Start of Block
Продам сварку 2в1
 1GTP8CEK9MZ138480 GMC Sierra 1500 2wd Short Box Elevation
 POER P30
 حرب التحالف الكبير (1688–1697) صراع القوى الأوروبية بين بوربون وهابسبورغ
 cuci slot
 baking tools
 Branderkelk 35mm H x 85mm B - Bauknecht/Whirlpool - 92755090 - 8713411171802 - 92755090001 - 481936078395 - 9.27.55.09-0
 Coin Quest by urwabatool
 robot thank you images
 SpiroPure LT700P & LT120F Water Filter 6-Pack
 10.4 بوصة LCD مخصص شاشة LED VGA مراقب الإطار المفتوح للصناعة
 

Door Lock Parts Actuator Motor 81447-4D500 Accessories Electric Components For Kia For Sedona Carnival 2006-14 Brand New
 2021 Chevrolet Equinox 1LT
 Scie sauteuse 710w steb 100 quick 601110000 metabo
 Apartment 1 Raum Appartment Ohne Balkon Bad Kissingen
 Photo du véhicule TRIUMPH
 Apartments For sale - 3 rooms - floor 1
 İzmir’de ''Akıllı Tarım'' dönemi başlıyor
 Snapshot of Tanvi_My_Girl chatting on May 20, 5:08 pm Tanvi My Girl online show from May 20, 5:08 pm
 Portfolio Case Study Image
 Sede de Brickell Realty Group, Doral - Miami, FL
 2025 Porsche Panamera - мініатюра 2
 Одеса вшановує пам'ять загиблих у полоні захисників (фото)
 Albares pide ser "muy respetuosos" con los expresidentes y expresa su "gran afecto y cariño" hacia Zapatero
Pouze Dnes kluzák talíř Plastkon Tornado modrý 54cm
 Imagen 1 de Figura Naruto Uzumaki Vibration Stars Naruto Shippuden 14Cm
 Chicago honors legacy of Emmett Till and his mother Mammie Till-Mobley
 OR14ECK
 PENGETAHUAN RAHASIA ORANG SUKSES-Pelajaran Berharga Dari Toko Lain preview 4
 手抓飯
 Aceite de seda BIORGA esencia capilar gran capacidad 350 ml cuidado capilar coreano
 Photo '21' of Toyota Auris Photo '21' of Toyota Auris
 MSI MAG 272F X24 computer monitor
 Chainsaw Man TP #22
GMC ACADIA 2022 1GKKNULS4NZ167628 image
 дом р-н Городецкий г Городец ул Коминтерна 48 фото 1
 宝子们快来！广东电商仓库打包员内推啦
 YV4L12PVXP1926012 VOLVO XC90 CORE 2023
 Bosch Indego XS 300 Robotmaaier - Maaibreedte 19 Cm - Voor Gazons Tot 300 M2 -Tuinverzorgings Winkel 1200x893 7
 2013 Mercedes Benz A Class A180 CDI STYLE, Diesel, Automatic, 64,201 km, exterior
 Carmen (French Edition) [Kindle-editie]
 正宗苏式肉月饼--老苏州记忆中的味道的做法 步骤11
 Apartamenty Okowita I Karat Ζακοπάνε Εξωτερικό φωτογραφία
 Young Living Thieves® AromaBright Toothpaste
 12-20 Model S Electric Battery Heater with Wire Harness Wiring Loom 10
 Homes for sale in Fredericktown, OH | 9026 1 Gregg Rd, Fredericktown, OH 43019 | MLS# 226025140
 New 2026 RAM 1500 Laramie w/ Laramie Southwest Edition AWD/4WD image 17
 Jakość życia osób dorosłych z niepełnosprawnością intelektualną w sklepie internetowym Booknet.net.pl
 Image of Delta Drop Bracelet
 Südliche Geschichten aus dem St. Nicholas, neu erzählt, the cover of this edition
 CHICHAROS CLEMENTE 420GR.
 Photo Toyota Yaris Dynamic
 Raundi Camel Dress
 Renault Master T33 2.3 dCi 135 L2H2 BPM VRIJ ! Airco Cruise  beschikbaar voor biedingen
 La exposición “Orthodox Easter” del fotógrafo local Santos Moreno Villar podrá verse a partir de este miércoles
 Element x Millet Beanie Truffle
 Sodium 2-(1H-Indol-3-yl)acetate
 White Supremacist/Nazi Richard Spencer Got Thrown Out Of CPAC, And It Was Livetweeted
End of Block
**YOUR INSTRUCTIONS**
Looking at the entries above, can you reproduce exactly the lines from the one that holds "Branderkelk 35mm H" through the one that holds "Carmen (French Edition) [Kindle-editie]", and only those?

**SOLUTION FOR THIS TASK**
 Branderkelk 35mm H x 85mm B - Bauknecht/Whirlpool - 92755090 - 8713411171802 - 92755090001 - 481936078395 - 9.27.55.09-0
 Coin Quest by urwabatool
 robot thank you images
 SpiroPure LT700P & LT120F Water Filter 6-Pack
 10.4 بوصة LCD مخصص شاشة LED VGA مراقب الإطار المفتوح للصناعة
 

Door Lock Parts Actuator Motor 81447-4D500 Accessories Electric Components For Kia For Sedona Carnival 2006-14 Brand New
 2021 Chevrolet Equinox 1LT
 Scie sauteuse 710w steb 100 quick 601110000 metabo
 Apartment 1 Raum Appartment Ohne Balkon Bad Kissingen
 Photo du véhicule TRIUMPH
 Apartments For sale - 3 rooms - floor 1
 İzmir’de ''Akıllı Tarım'' dönemi başlıyor
 Snapshot of Tanvi_My_Girl chatting on May 20, 5:08 pm Tanvi My Girl online show from May 20, 5:08 pm
 Portfolio Case Study Image
 Sede de Brickell Realty Group, Doral - Miami, FL
 2025 Porsche Panamera - мініатюра 2
 Одеса вшановує пам'ять загиблих у полоні захисників (фото)
 Albares pide ser "muy respetuosos" con los expresidentes y expresa su "gran afecto y cariño" hacia Zapatero
Pouze Dnes kluzák talíř Plastkon Tornado modrý 54cm
 Imagen 1 de Figura Naruto Uzumaki Vibration Stars Naruto Shippuden 14Cm
 Chicago honors legacy of Emmett Till and his mother Mammie Till-Mobley
 OR14ECK
 PENGETAHUAN RAHASIA ORANG SUKSES-Pelajaran Berharga Dari Toko Lain preview 4
 手抓飯
 Aceite de seda BIORGA esencia capilar gran capacidad 350 ml cuidado capilar coreano
 Photo '21' of Toyota Auris Photo '21' of Toyota Auris
 MSI MAG 272F X24 computer monitor
 Chainsaw Man TP #22
GMC ACADIA 2022 1GKKNULS4NZ167628 image
 дом р-н Городецкий г Городец ул Коминтерна 48 фото 1
 宝子们快来！广东电商仓库打包员内推啦
 YV4L12PVXP1926012 VOLVO XC90 CORE 2023
 Bosch Indego XS 300 Robotmaaier - Maaibreedte 19 Cm - Voor Gazons Tot 300 M2 -Tuinverzorgings Winkel 1200x893 7
 2013 Mercedes Benz A Class A180 CDI STYLE, Diesel, Automatic, 64,201 km, exterior
 Carmen (French Edition) [Kindle-editie]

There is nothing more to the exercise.